Reeves conceded that GDP growth was now expected to be “slightly slower” this year, however, down to 1.1% from the previous forecast of 1.4%, after weaker than expected data in the final quarter of 2025 – but stronger in future years, at 1.6% in 2027 and 2028, and unchanged at 1.5% in 2029 and 2030.
The OBR also predicted that the unemployment rate, already almost at a five-year high, would continue rising to a peak of 5.3% this year – up from a previous estimate of 4.9%.
But underlining the fragility of its forecasts, the OBR warned the expanding Middle East conflict “could have very significant impacts on the global and UK economies”.
Despite instructing the OBR not to judge her against her fiscal rules at this spring forecast, Reeves emphasised that her buffer – or “headroom” – had increased in its latest projections to £23.6bn, from £21.7bn at the time of the November budget.
This improvement has been aided by lower gilt yields, or government borrowing costs, though these have been rising again in recent days as investors bet on resurgent inflation.
Analysts responding to Reeves’s statement warned that it rests on energy prices returning to normal levels.
Ruth Curtice, director of the Resolution Foundation, said: “The best news from today’s spring forecast was an outlook for lower inflation and interest rates, but sadly both already look out of date before the ink is dry on the OBR forecast.
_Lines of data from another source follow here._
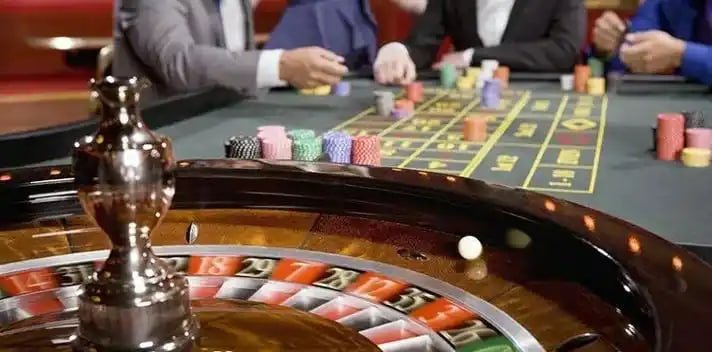 in play live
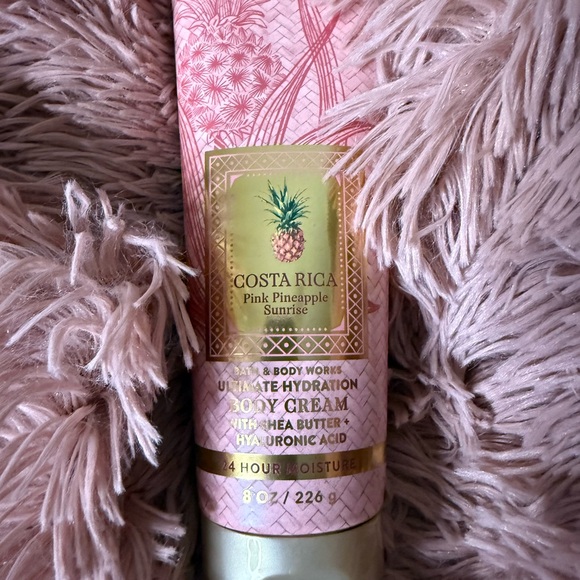 Bath & Body Works Pink and Gold Body Wash Set - Picture 7 of 8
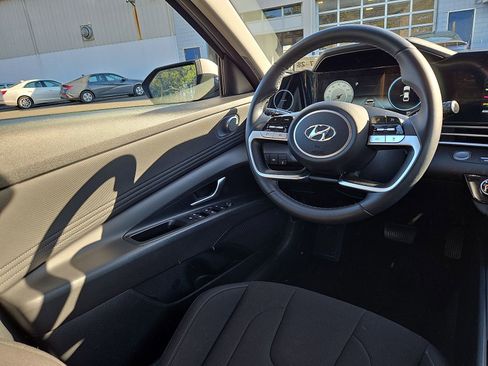 Certified 2023 Hyundai Elantra SEL w/ Convenience Package image 15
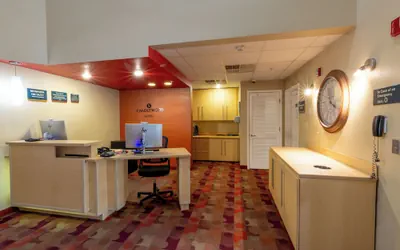 Photo 4 - Candlewood Suites Bedford Fort Worth by IHG
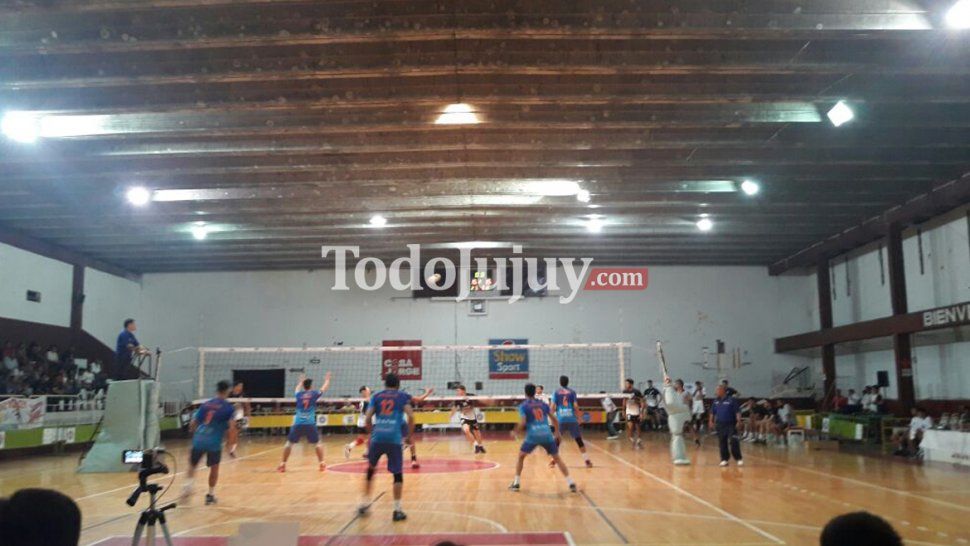 Jujuy Vóley le ganó a La Calera en un emotivo partido y no afloja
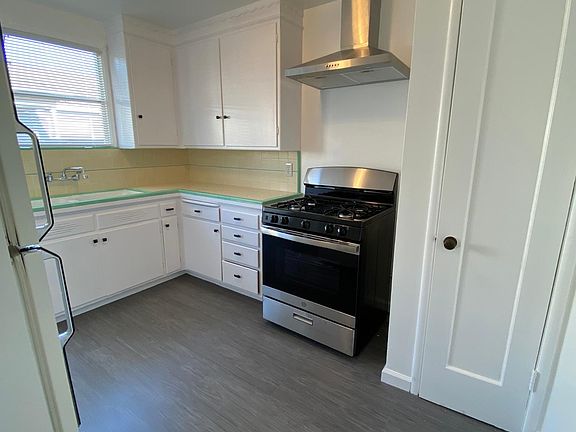 3rd image of 13482 Rose Dr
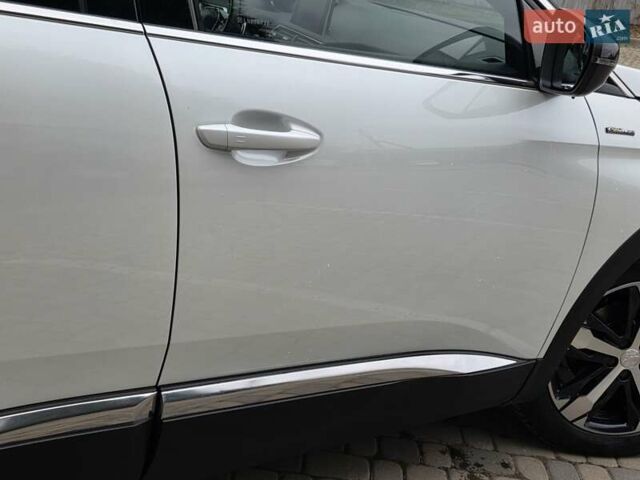 Белый Пежо 3008, объемом двигателя 1.5 л и пробегом 162 тыс. км за 21750 $, фото 19 на Automoto.ua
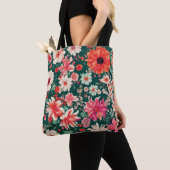 Levendige roze-rode en delicate witte bloemen tote bag (Dichtbij)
If overnight increases to oil and gas prices are sustained, we could see inflation back at 3% by the summer with typical energy bills £500 higher.”
Andrew Wishart, of Berenberg, said “the question overshadowing the event is whether the Iran conflict will end soon enough for the future OBR forecasts to be possible”.
“A prolonged conflict would cause much higher global energy prices to impart a fresh stagflationary shock to European energy importers including the UK,” he added.
The chancellor promised she would “chart a course through that uncertainty, secure our economy against shocks, and protect families from the uncertainty we see beyond our borders”. She added: “I am in no doubt about Britain’s ability to navigate the challenges we face.”
Markets have also been revising down expectations for more imminent interest rate cuts in recent days, as more costly energy will complicate the Bank of England’s task in tackling inflation.
Pointing the way to a possible fresh growth downgrade in the autumn, the OBR said it had revised down its near-term GDP forecast partly as a result of weaker-than-expected net migration, but it had not yet taken into account the tough new policies recently announced by the home secretary, Shabana Mahmood, including making refugee status temporary.
The shadow chancellor, Mel Stride, responding to Reeves’s statement in the House of Commons, accused her of “utter complacency”.
“She is rather like the dodgy estate agent standing in the crumbling building with a roof gone, the windows gone, with the floor gone and saying: ‘Just think of the potential,’” he said.
Reeves said the unstable global situation meant the actions she had taken on inflation, including shifting green levies to general taxation and freezing bus fares and prescription charges, were “even more crucial”.
And she hailed other recent Labour decisions, including removing the two-child cap on benefits, and funding 30 hours a week of free childcare.
Reeves promised to take more action on youth unemployment and inactivity in the weeks ahead, blaming her Conservative predecessors. “Young people in particular are still suffering from the aftermath of years of Tory mismanagement in the last five years of the previous government,” she said.